Indulekha
- Indulekha website screen shot
- Available in: English
- Owner: Indulekha Media Network
- Creator: Indulekha Media Network
- Website: http://www.indulekha.com
- Registration: No
- Launched: 1 January 2006

= Indulekha.com =

Indulekha.com is an infotainment web portal for Malayalam books, movies, music, videos and paintings. The website publishes film and book reviews as well as other entertainment features. The website is edited by Swapna Tom Mangatt.

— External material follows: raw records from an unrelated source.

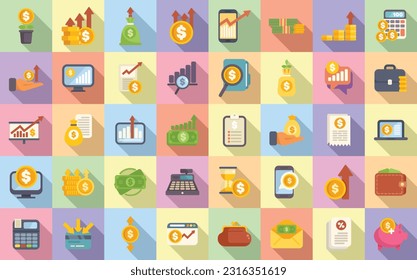 Revenue icons set flat vector. Credit business. Gold card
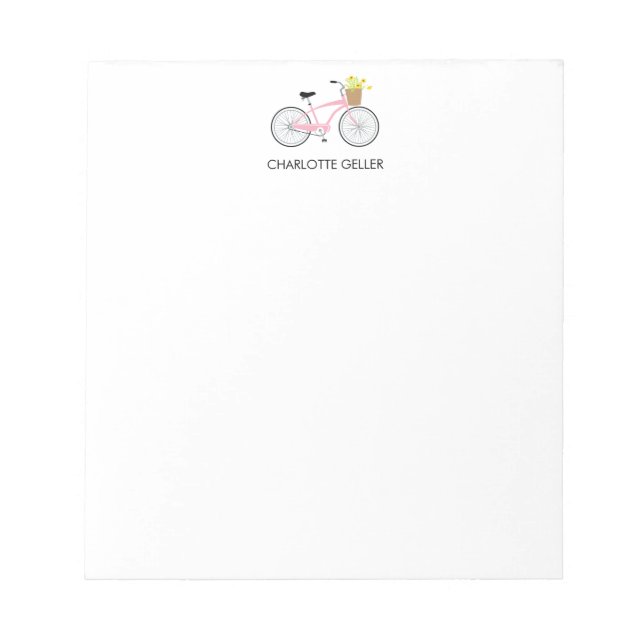 Pink Bicycle With Basket Notepad (Front)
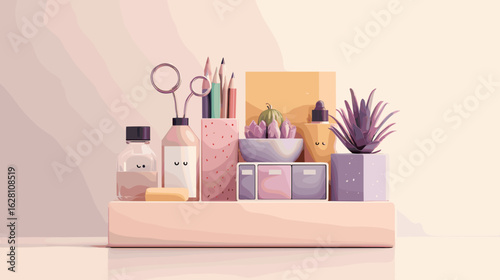 Stylized workspace still-life with office supplies, skincare bottles, succulents, and minimalist design elements with a warm, inviting feel.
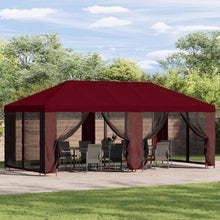 Tuinprieel 6 x 3 m Bordeauxrood Polyester en staal 190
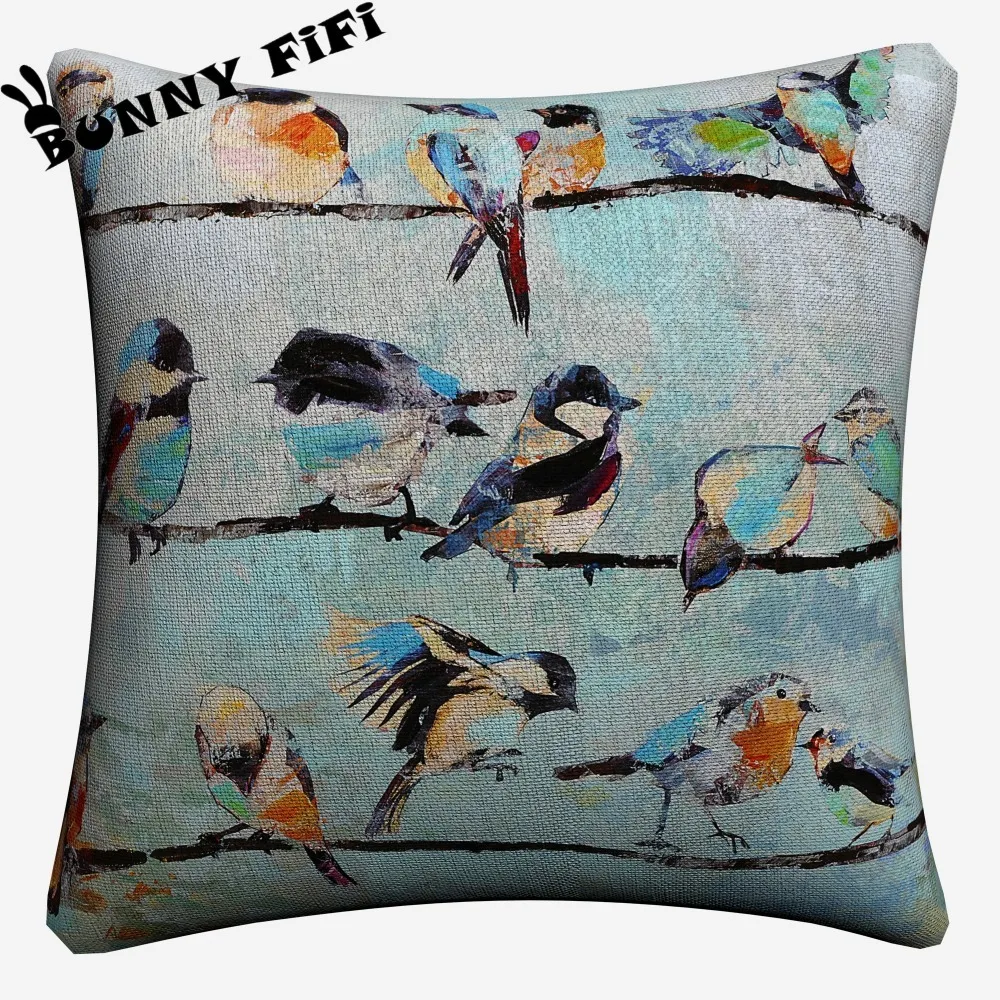 Birds On A Wire Artwork Soft Cotton Linen Cushion Covers 45x45cm Vintage Pillowcase For Sofa Home Decoration | Дом и сад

Indulekha is the first Keralan website to enter the Limca Book of Records after its exhibition of the complete works of Jnanpith Award winner M T Vasudevan Nair. Held between 18 April – 19 May 2006, the exhibition was the first of its kind in the history of Indian internet. Visitors were able to read selected pages from each of the books and leave their comments on the works.

==Channels==
- The PINK channel depicts trends and temptations in fashion, home making, food and travel. And there's a section of personal finance named, Money Plant.
- The GREEN channel is for the written word and the painted world, adorned by geniuses from Vaikom Muhammad Basheer to Balachandran Chullikkad; from Raja Ravi Varma to Bini Roy. The channel repletes with innovative features including excerpts from books and the best collection of Malayalam e-literature.
- The ORANGE channel entertains with Malayalam movie and music updates, reviews, interviews and interesting videos.